The Sierra Club, one of the nation’s most powerful environmental groups, issued a fundraising email last week calling the Bears Ears proposal a “legally unprecedented action.”
Congressional Democrats voiced similar objections. Sen. Jeff Merkley of Oregon called the entire monument review “legally dubious,” and Sen. Ron Wyden, also of Oregon, said the president’s executive order calling for the review “flies in the face of a century-old bipartisan tradition.”

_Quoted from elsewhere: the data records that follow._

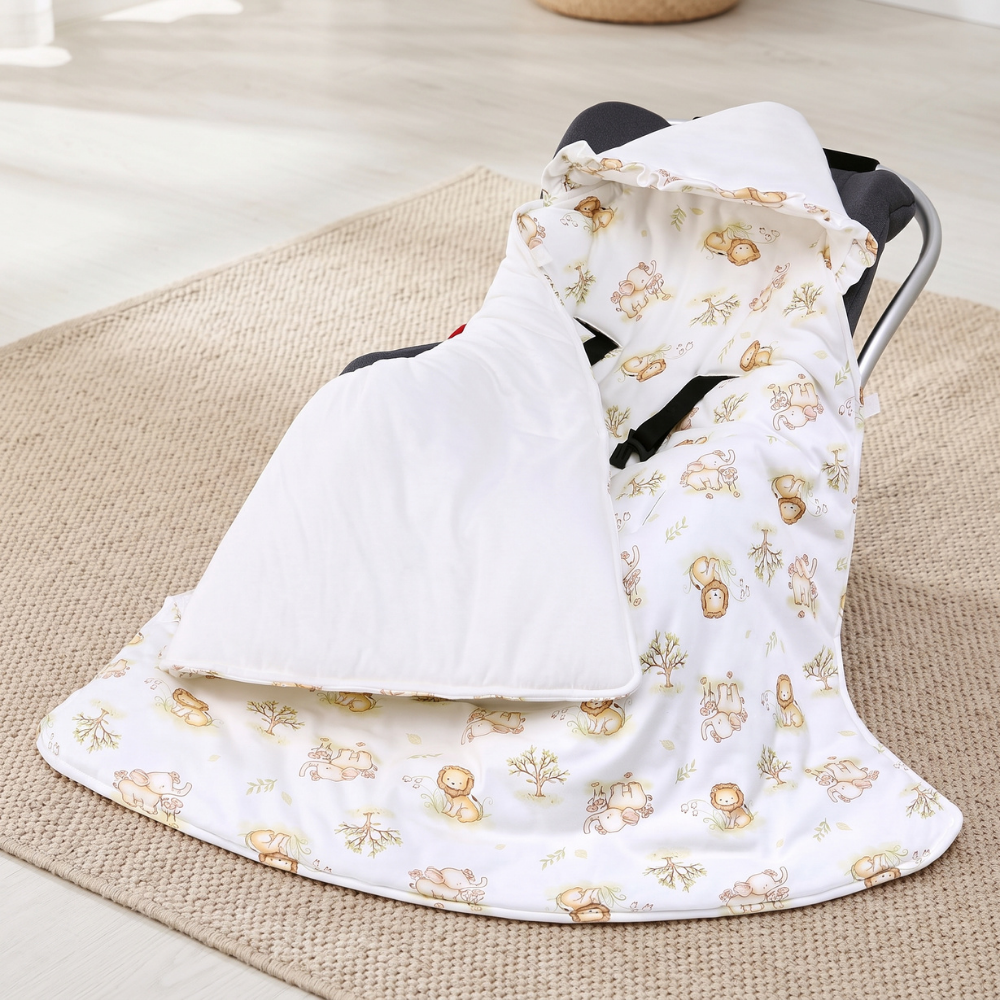 Momi Toys Hooded Baby Blanket, Cotton Stroller Blanket
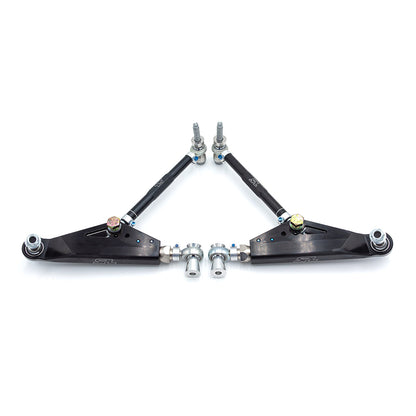 SPL FLCA FRS adjustable front lower control arms for GR86 and BRZ, designed to add camber, caster, roll center, and anti-dive adjustment for track use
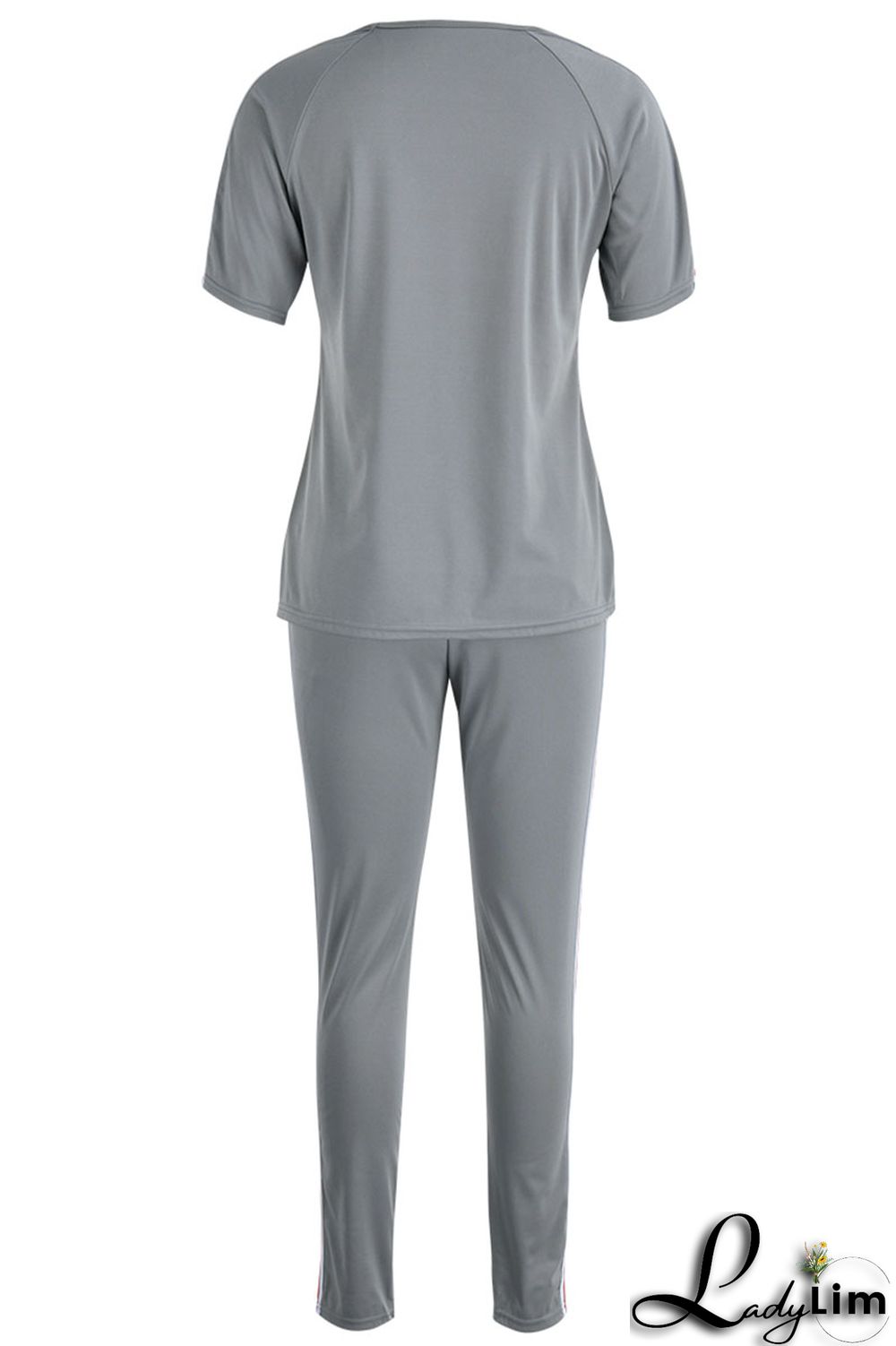 Grey Casual Print Patchwork O Neck Short Sleeve Two Pieces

“It can be done, and past presidents have done it. It demonstrated the truth of what I’ve said all along: Just as no Congress can bind a future Congress, no president can bind the nation in perpetuity. It doesn’t make any sense,” said William Perry Pendley, president of the Mountain States Legal Foundation, a nonprofit group that battled the federal government in court over President Clinton’s creation of the massive Grand Staircase-Escalante National Monument in Utah.
That monument is also under review by the Trump administration.
“I don’t think it would take the courts long at all to dispose of any challenge to the presidential authority to do this,” Mr. Pendley said.
The Antiquities Act — which says monuments should be limited to the smallest area compatible with the site or object being protected — does not explicitly give presidents power to downsize monuments or eliminate them altogether.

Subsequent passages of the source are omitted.